→ GIVEN RECORDS:
"""
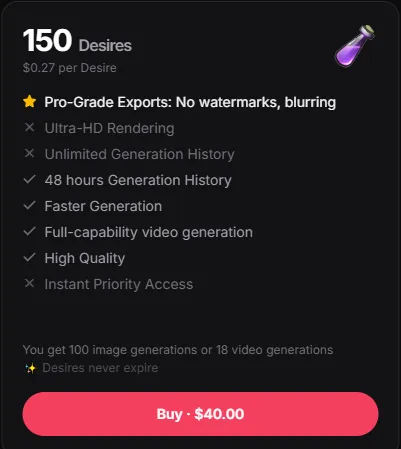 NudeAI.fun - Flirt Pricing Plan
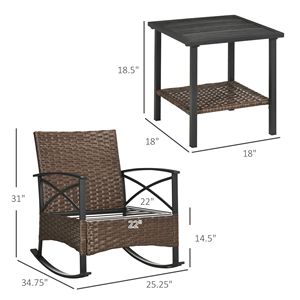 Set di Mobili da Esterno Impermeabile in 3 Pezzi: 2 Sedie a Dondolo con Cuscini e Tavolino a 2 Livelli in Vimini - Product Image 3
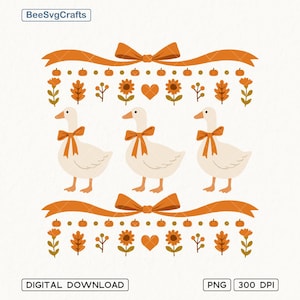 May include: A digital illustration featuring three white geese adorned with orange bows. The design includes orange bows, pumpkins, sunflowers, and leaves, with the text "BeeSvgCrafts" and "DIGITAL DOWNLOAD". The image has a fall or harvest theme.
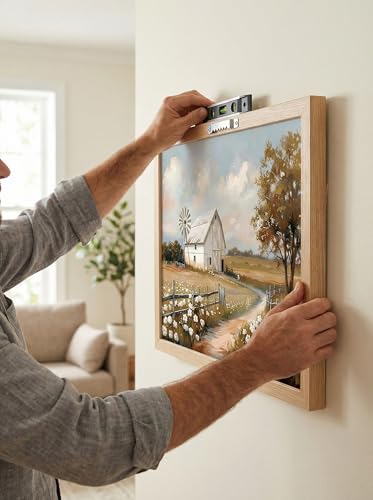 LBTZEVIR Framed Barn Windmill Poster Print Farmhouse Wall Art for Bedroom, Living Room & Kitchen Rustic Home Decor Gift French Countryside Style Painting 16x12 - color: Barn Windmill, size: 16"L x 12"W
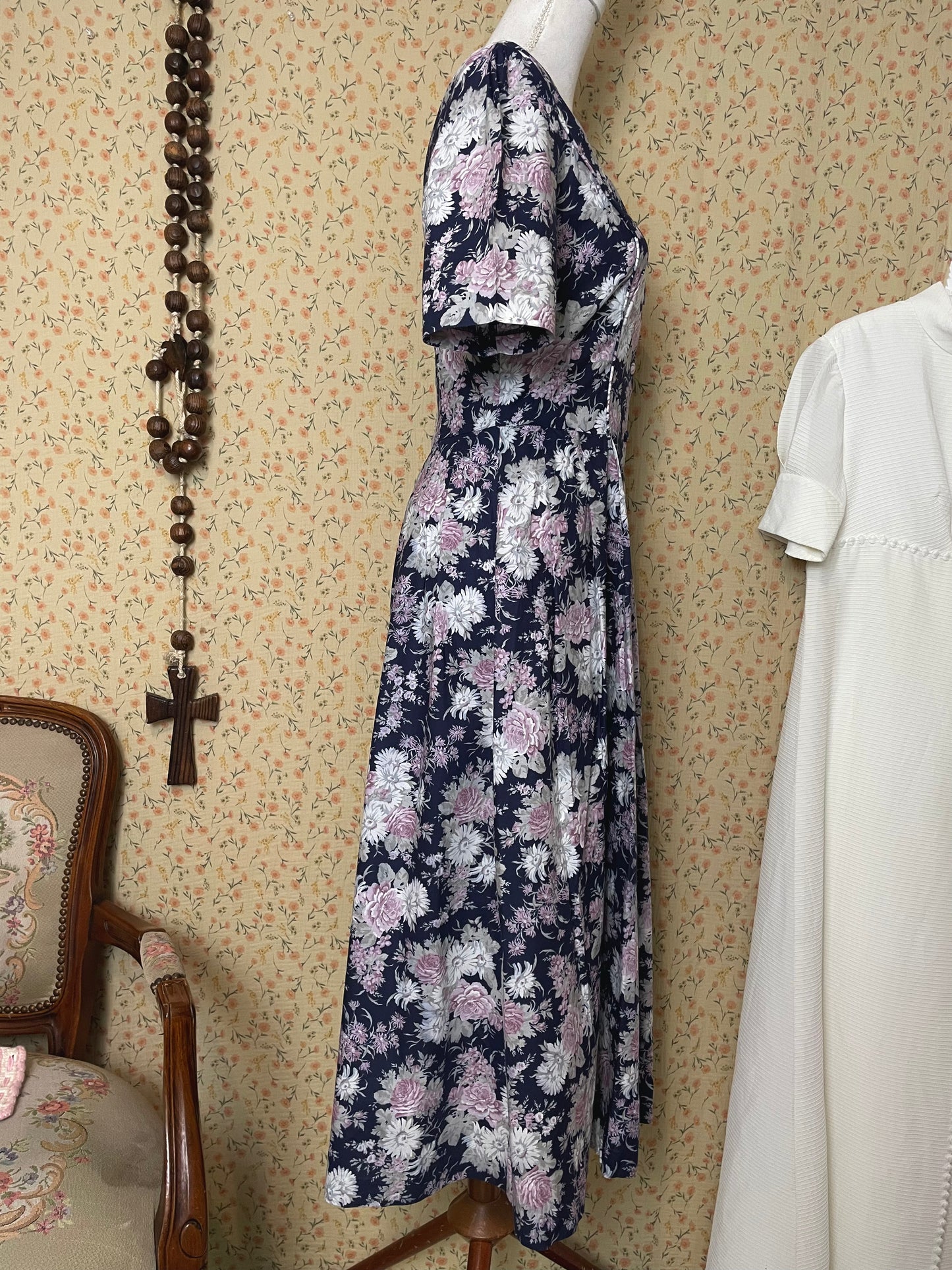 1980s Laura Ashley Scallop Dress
"""
"""
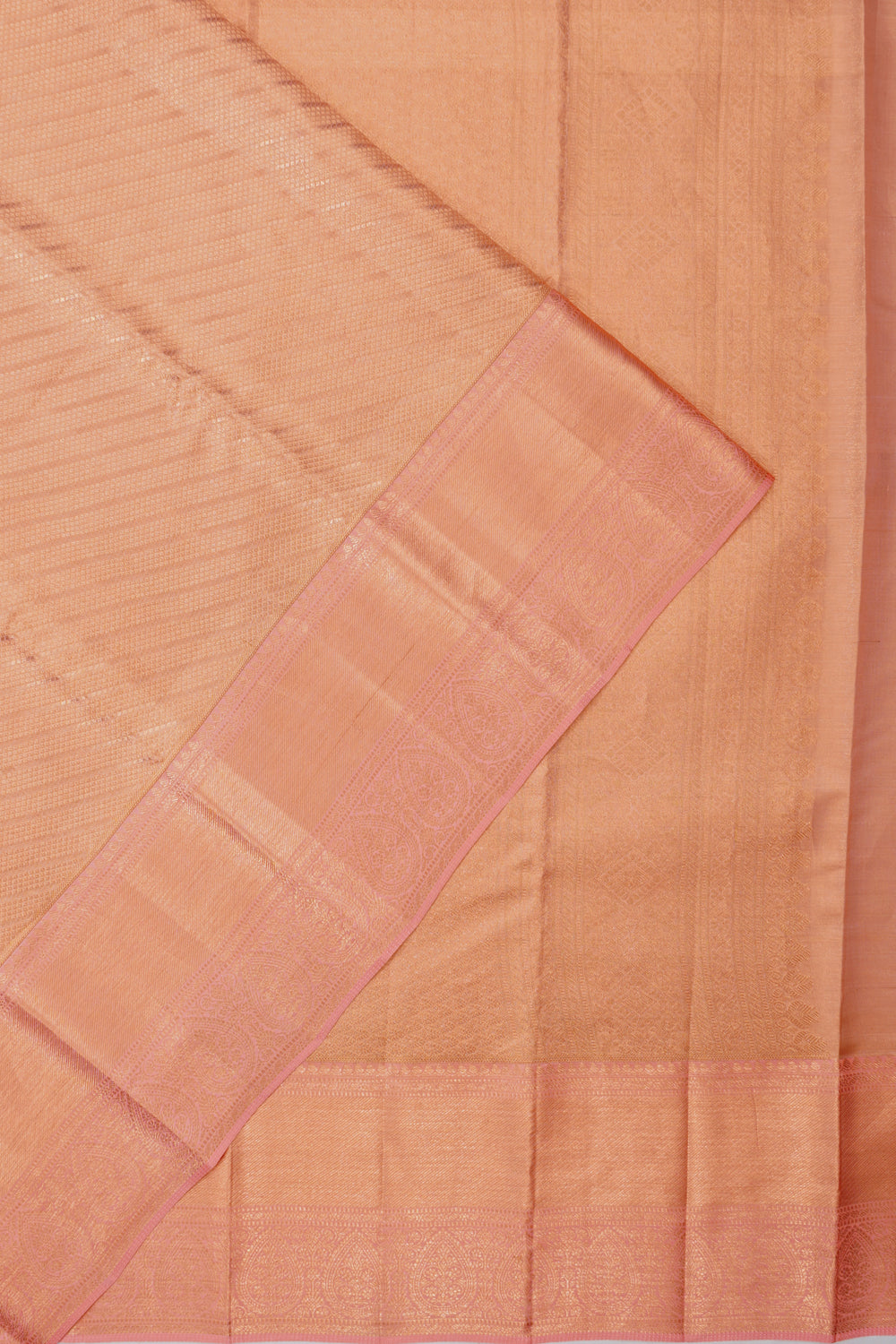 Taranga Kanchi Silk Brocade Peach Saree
"""
→ ACTIVITY: Out of the records above, set down only the lines from the one that contains "NudeAI.fun - Flirt Pricing Plan" through the one that contains "1980s Laura Ashley Scallop Dress", unchanged and without the pictures.

→ REPLY:
 NudeAI.fun - Flirt Pricing Plan
 Set di Mobili da Esterno Impermeabile in 3 Pezzi: 2 Sedie a Dondolo con Cuscini e Tavolino a 2 Livelli in Vimini - Product Image 3
 May include: A digital illustration featuring three white geese adorned with orange bows. The design includes orange bows, pumpkins, sunflowers, and leaves, with the text "BeeSvgCrafts" and "DIGITAL DOWNLOAD". The image has a fall or harvest theme.
 LBTZEVIR Framed Barn Windmill Poster Print Farmhouse Wall Art for Bedroom, Living Room & Kitchen Rustic Home Decor Gift French Countryside Style Painting 16x12 - color: Barn Windmill, size: 16"L x 12"W
 1980s Laura Ashley Scallop Dress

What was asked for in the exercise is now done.